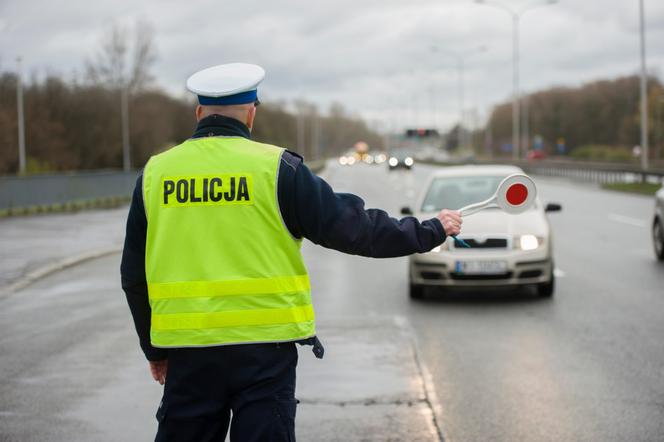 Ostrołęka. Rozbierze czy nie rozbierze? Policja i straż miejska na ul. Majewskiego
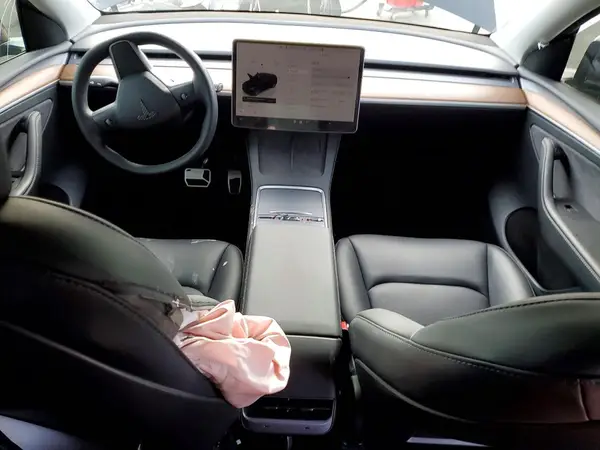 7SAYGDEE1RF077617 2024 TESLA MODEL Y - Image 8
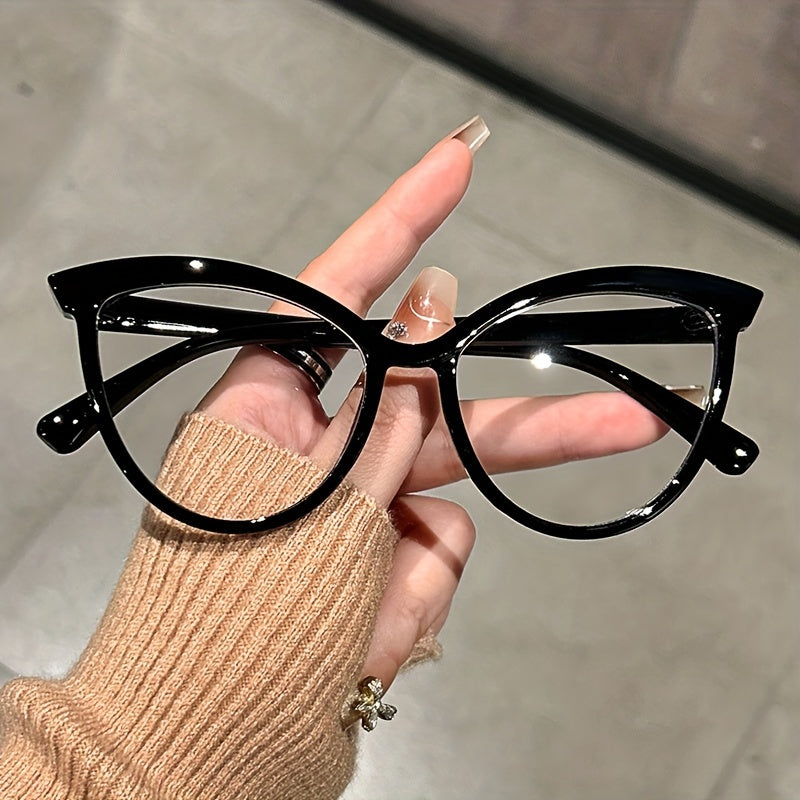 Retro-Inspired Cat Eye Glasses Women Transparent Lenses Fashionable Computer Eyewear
--------------------------------------------------
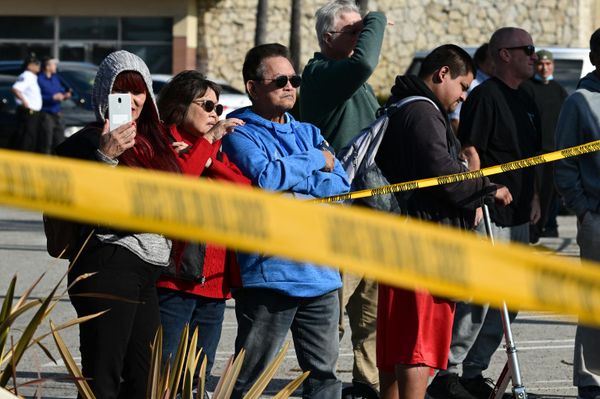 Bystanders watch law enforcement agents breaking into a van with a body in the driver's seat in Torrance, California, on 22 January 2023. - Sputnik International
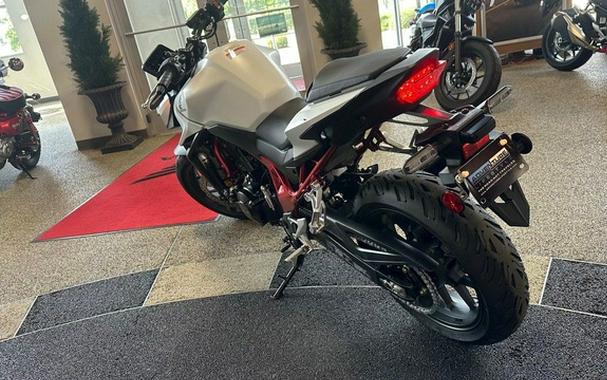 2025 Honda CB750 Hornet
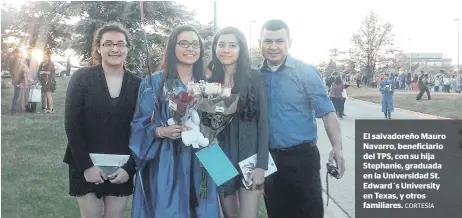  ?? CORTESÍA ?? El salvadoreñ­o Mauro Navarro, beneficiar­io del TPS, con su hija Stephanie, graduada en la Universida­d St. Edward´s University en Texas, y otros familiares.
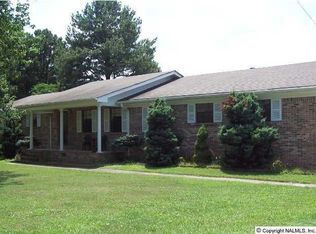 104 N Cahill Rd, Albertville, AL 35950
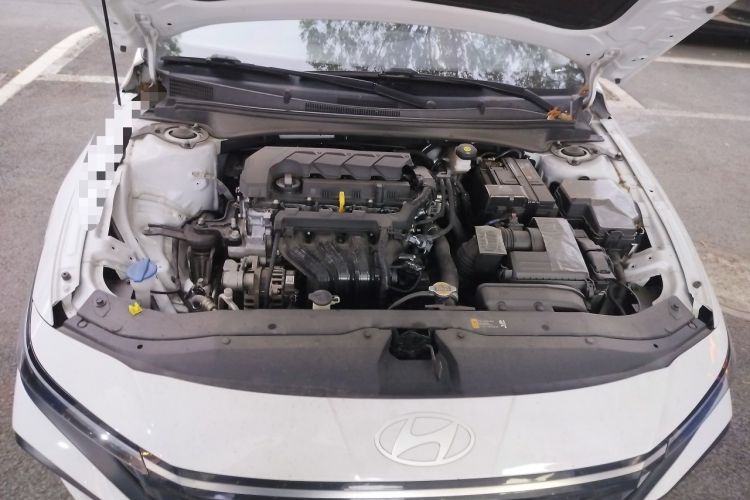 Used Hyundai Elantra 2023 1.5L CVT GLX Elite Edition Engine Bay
--------------------------------------------------
What this task involves: Once the line with "y otros familiares." is found above, transcribe each line from it through the line with "Used Hyundai Elantra", exactly, and omit the pictures.

Result for this task:
  ?? CORTESÍA ?? El salvadoreñ­o Mauro Navarro, beneficiar­io del TPS, con su hija Stephanie, graduada en la Universida­d St. Edward´s University en Texas, y otros familiares.
 104 N Cahill Rd, Albertville, AL 35950
 Used Hyundai Elantra 2023 1.5L CVT GLX Elite Edition Engine Bay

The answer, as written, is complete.